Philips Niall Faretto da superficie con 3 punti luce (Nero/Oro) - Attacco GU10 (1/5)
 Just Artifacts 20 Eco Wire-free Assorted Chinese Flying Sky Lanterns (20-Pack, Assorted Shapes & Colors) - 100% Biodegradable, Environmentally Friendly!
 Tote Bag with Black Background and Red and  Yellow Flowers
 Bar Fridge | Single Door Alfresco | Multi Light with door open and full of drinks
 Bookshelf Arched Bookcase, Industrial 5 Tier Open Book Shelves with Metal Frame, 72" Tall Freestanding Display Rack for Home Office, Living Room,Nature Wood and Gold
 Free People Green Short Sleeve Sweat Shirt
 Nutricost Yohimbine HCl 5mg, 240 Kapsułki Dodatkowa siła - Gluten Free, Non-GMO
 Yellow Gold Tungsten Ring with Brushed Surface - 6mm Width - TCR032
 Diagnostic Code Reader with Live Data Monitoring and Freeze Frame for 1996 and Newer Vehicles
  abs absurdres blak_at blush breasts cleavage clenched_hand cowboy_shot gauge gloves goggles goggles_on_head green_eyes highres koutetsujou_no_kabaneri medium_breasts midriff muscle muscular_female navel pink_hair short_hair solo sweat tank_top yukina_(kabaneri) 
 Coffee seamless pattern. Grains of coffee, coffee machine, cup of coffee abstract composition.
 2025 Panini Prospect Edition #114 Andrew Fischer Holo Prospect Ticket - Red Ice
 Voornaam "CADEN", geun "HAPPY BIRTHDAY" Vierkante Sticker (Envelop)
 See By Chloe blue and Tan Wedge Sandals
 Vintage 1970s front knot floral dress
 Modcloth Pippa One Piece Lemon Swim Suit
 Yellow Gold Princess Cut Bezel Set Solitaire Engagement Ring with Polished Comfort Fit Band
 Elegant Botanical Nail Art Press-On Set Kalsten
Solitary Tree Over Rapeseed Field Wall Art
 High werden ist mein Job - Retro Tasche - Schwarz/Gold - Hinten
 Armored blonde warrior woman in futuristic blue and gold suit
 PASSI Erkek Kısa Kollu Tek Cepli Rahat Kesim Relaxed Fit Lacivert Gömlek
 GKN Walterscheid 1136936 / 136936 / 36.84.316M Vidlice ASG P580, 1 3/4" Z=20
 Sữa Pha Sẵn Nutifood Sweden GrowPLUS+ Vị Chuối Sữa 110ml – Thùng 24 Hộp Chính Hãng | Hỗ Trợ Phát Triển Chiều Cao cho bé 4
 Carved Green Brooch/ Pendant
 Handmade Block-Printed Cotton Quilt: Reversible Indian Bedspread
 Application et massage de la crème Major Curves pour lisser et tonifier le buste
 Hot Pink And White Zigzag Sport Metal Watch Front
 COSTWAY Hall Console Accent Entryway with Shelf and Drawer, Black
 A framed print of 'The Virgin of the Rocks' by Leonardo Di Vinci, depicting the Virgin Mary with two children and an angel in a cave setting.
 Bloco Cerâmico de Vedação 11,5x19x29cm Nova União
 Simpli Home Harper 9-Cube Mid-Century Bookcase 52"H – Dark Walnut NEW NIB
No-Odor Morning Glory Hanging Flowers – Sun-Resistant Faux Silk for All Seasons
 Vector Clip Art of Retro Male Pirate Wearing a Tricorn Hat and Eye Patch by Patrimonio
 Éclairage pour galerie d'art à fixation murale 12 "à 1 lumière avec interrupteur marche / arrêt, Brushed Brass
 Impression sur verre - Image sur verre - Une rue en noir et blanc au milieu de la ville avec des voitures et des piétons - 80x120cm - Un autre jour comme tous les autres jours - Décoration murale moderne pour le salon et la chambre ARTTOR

+---+

### [Problem]
Where a line of the records contains the word "murale", copy that line.

### [Your solution]
 Éclairage pour galerie d'art à fixation murale 12 "à 1 lumière avec interrupteur marche / arrêt, Brushed Brass
 Impression sur verre - Image sur verre - Une rue en noir et blanc au milieu de la ville avec des voitures et des piétons - 80x120cm - Un autre jour comme tous les autres jours - Décoration murale moderne pour le salon et la chambre ARTTOR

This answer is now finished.